A fingerprint, when used on an electronic lock of this kind, is not a key. It's attributable to one person only, not trivially duplicated, and not able to be reverse engineered from a locking mechanism. It requires an action by a single person who cannot be forcibly relieved of their possession of their fingerprint.

Additionally, a key is specified during the manufacturing or assembly of a lock, and comes with the lock, since they are "paired" when the lock is made. However, a fingerprint or password are specified by the user at will after they've assumed ownership of the device. They "testified" their identity to their phone with a fingerprint, just like they did with their password.

If compelled to imprint a finger, it is the same sort of personal interaction that a password entails: the credential holder utters/presents their personal information - not a physical object, but a repeated testimony of the same content they previously and uniquely presented to their device. It should be protected as other self-incriminating testimony under the fifth amendment.

2 comments

I think the courts have this one right. Your finger is a characteristic of you, not compelled speech.

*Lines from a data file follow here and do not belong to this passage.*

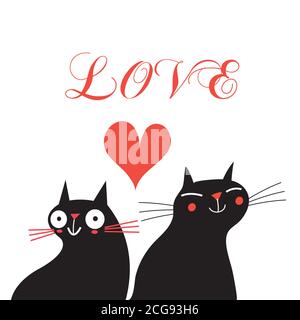 Helle fröhliche Grußkarte mit einem liebevollen Porträt von Katzen zum Valentinstag. Lustige Katzen in Liebe mit Herzen für den Urlaub. Stock Vektor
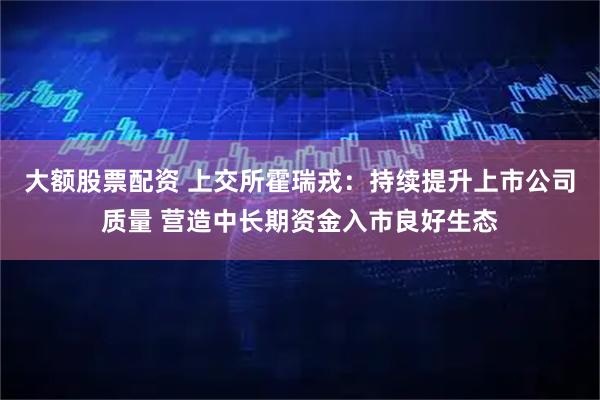 大额股票配资 上交所霍瑞戎：持续提升上市公司质量 营造中长期资金入市良好生态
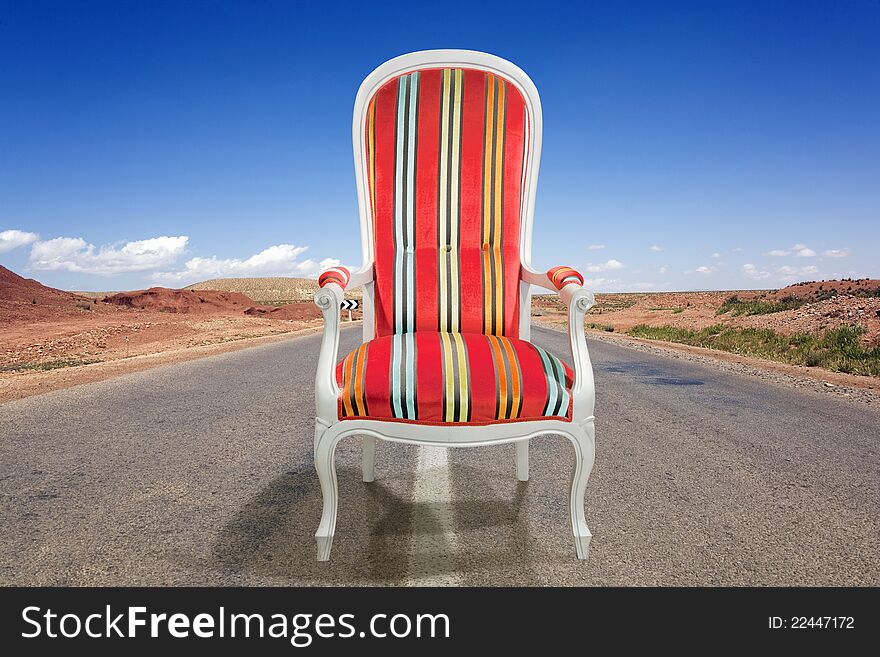 Armchair in the middle of the road. Armchair in the middle of the road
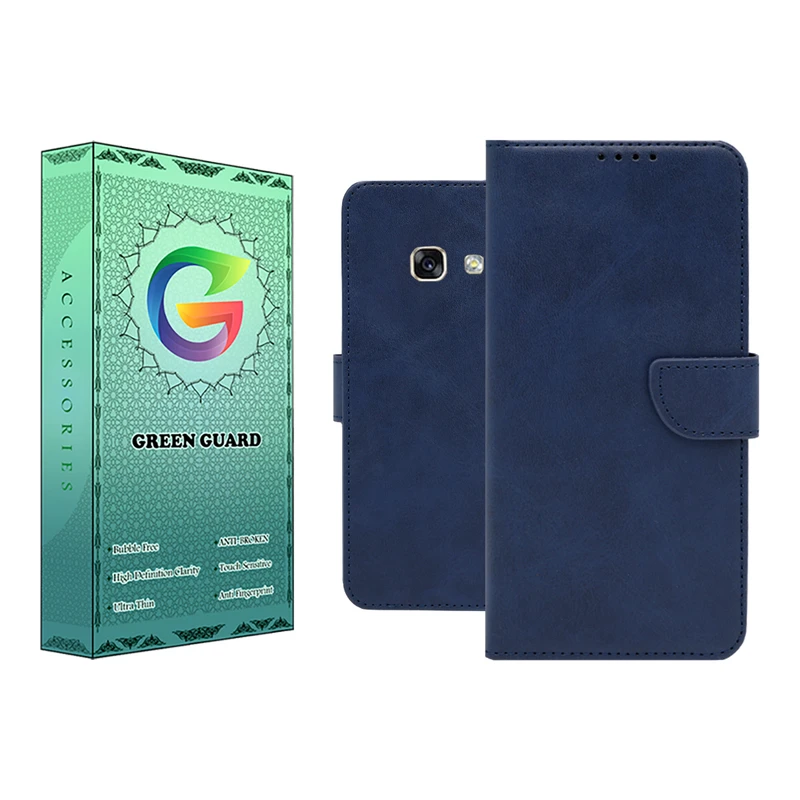 کیف کلاسوری گرین گارد مدل چرمی مگنتی کد Blue-B01 مناسب برای گوشی موبایل سامسونگ Galaxy A5 2017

If you can compel a suspect to stand up on a lineup, or produce id, there's no reason why the court shouldn't be able to compel you to produce a finger.

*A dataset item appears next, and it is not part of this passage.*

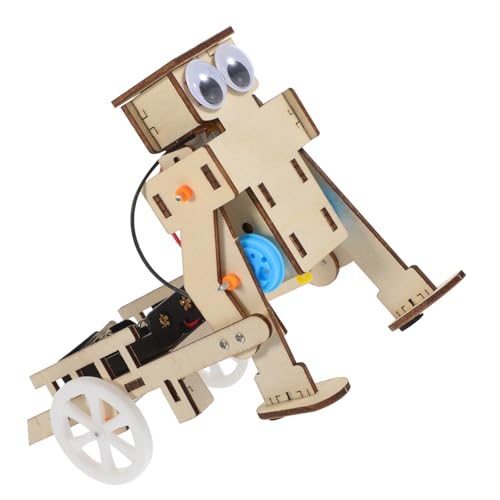 ibasenice 1 Set Roboter Bausatz Spielzeug Lernspielzeug DIY Roboter Spielzeug Holzroboter Handwerk DIY Roboterbausatz Wissenschaftliches DIY Spielzeug Kind Holzroboter Puzzle von ibasenice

In technical terms, the finger is really a "something you have" second authentication factor. If you think of it on those terms, it's more like looking at someone's Hardware token than compelling a password disclosure.

>Your finger is a characteristic of you, not compelled speech.

So is all your knowledge. The technology to extract it doesn't yet exist, but once it does, should it be deployed by the courts without a challenge from the 5th Amendment?

Clearly there's going to have to be some evolution from a legal standpoint once accessing your thoughts is a mere fMRI away.
> If compelled to imprint a finger, it is the same sort of personal interaction that a password entails:

Not quite sure it is though. If they already arrested them, they already have the fingerprint don't they? That is different than key and is different than password.